* Exercise description: Could you transcribe every record below exactly as written, leaving out any pictures?
--- Supplied information ---
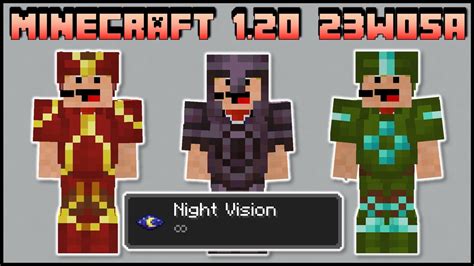 Minecraft 120 Snapshot 23w05a Leather Armor Trims And Infinite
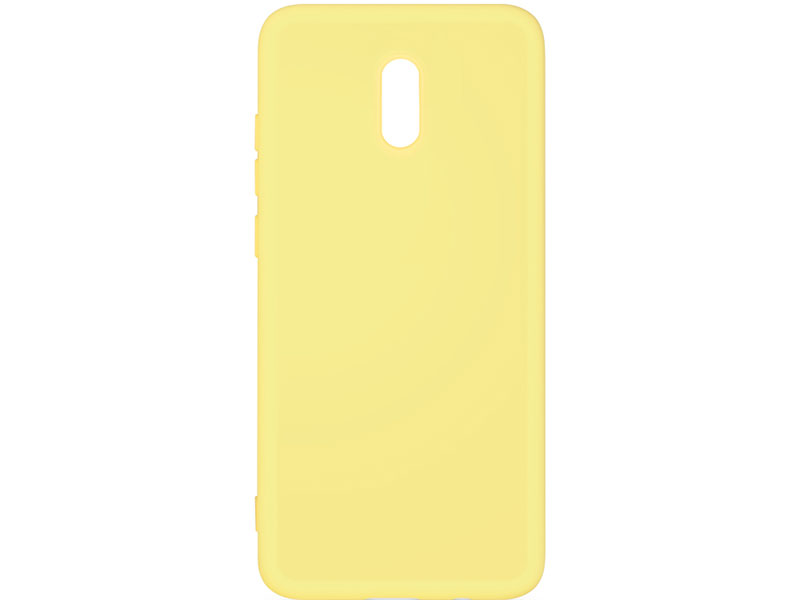 Чехол-накладка для Xiaomi Redmi 8A DF xiOriginal-04 Yellow клип-кейс, силикон, микрофибра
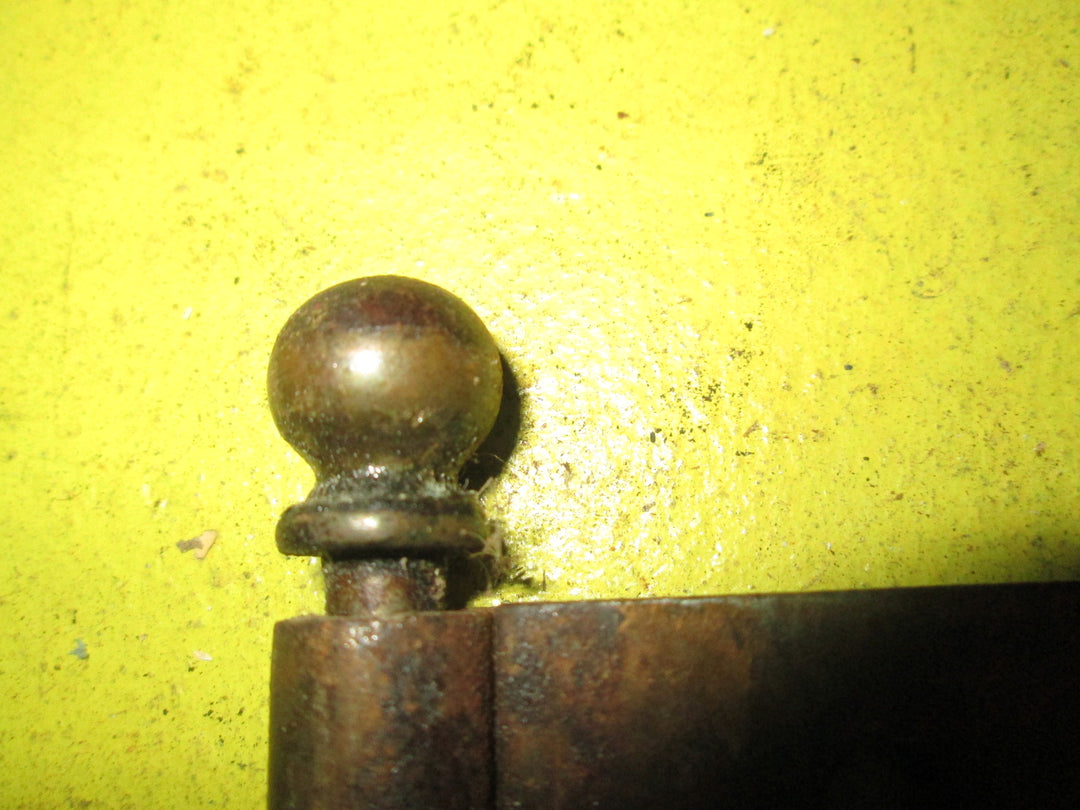 Antique Copper Finish Door Hinge with Ball Finials 76-89-102L x 40-52-62W x 3-4D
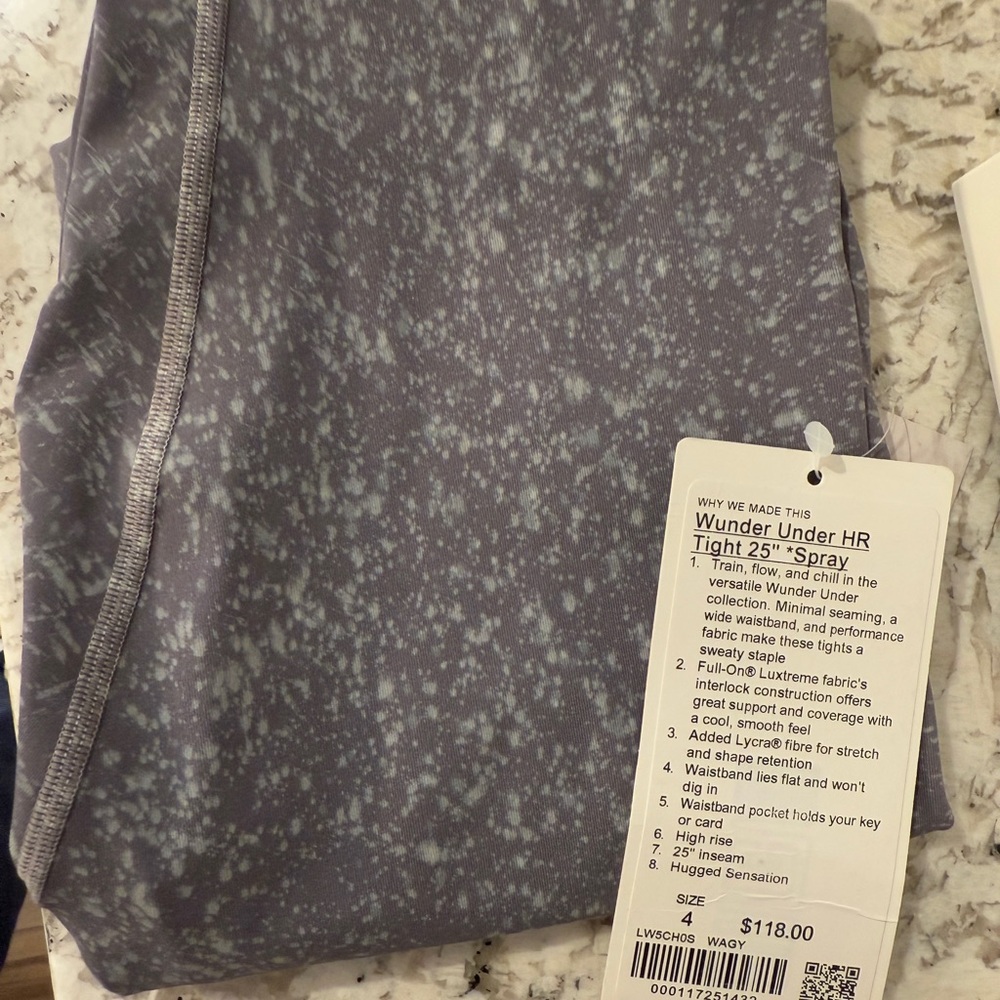 NWT Lululemon Wunder Under HR Tight 25" Spray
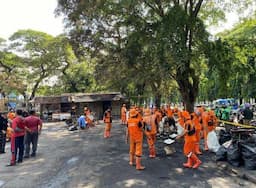 30 Kios Area Kuliner di Kalibata Hangus Terbakar usai 2 Matel Tewas Dikeroyok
---
* Task result:
 Minecraft 120 Snapshot 23w05a Leather Armor Trims And Infinite
 Чехол-накладка для Xiaomi Redmi 8A DF xiOriginal-04 Yellow клип-кейс, силикон, микрофибра
 Antique Copper Finish Door Hinge with Ball Finials 76-89-102L x 40-52-62W x 3-4D
 NWT Lululemon Wunder Under HR Tight 25" Spray
 30 Kios Area Kuliner di Kalibata Hangus Terbakar usai 2 Matel Tewas Dikeroyok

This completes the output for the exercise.